** Available records **
● ● ● ● ● ● ●

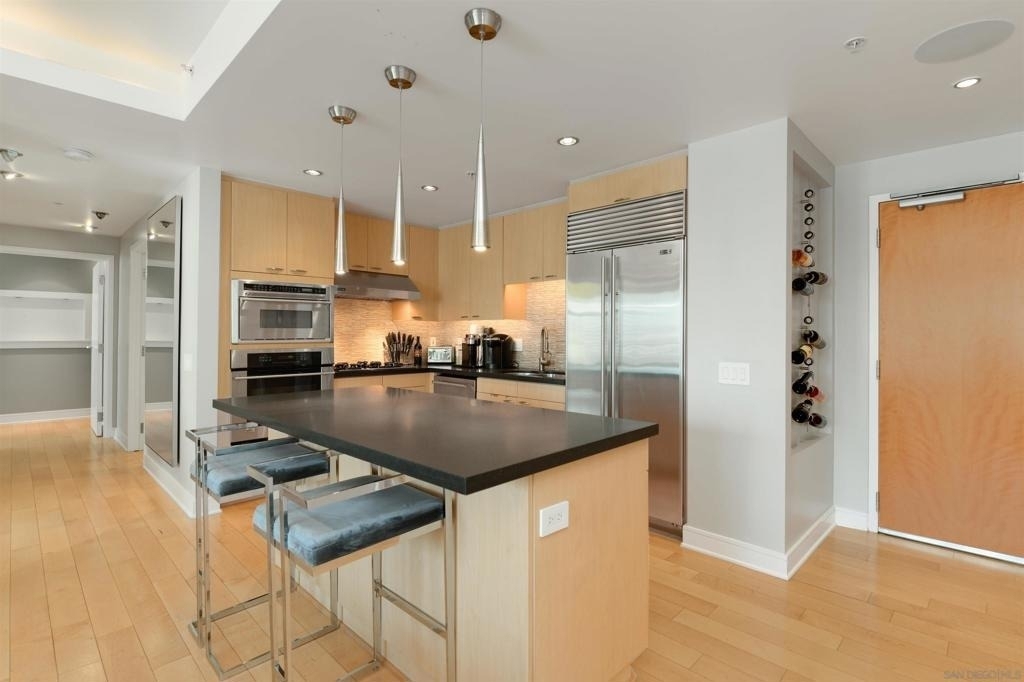 645 Front St. - Photo 5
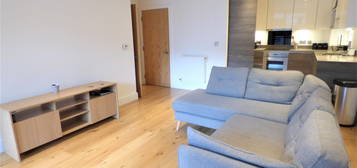 2 bed flat to rent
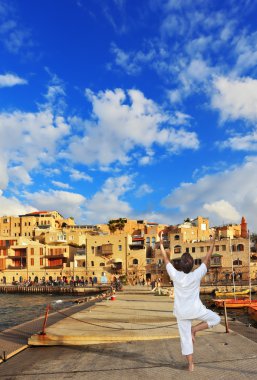 Tel Aviv Yafa'da karşı kadın
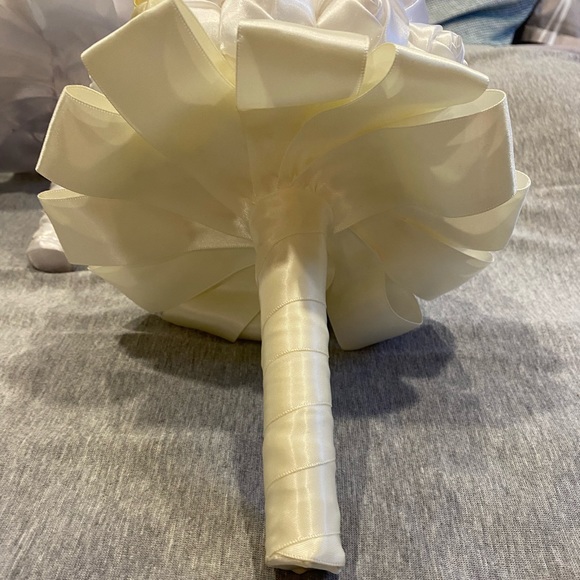 New handmade ribbon rose bouquet. White and ivory accents. - Picture 2 of 3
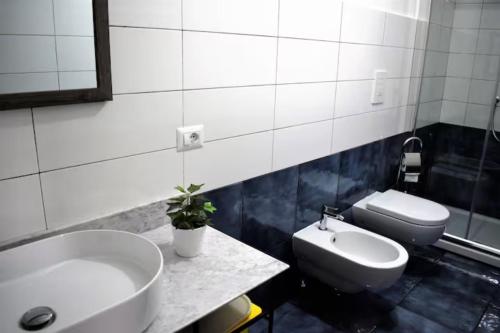 un bagno con lavandino e WC di Chez Angelina - De Vivo Realty Positano a Positano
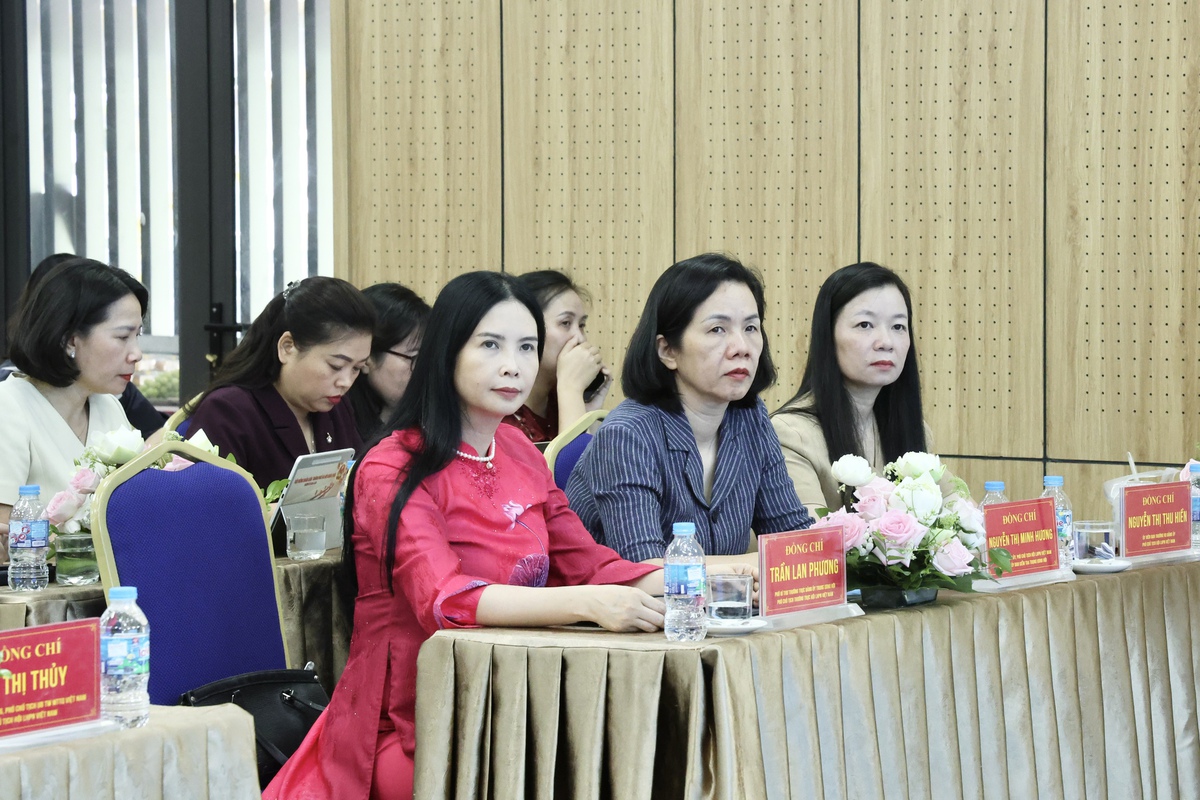 Đưa Nghị quyết Đại hội Phụ nữ toàn quốc XIV vào cuộc sống bằng hành động quyết liệt, hiệu quả từ cơ sở- Ảnh 1. Đưa Nghị quyết Đại hội Phụ nữ toàn quốc XIV vào cuộc sống bằng hành động quyết liệt, hiệu quả từ cơ sở- Ảnh 1.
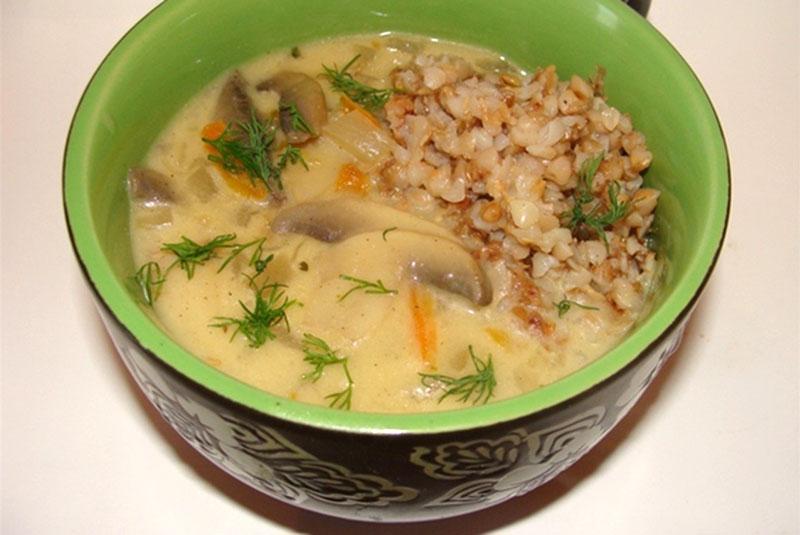 sopa de trigo sarraceno con champiñones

● ● ● ● ● ● ●

** What is needed **
Please repeat, with no pictures, each line from the start of the records above through the line with "un bagno con", inclusive, and only those.

** Task answer **
 645 Front St. - Photo 5
 2 bed flat to rent
 Tel Aviv Yafa'da karşı kadın
 New handmade ribbon rose bouquet. White and ivory accents. - Picture 2 of 3
 un bagno con lavandino e WC di Chez Angelina - De Vivo Realty Positano a Positano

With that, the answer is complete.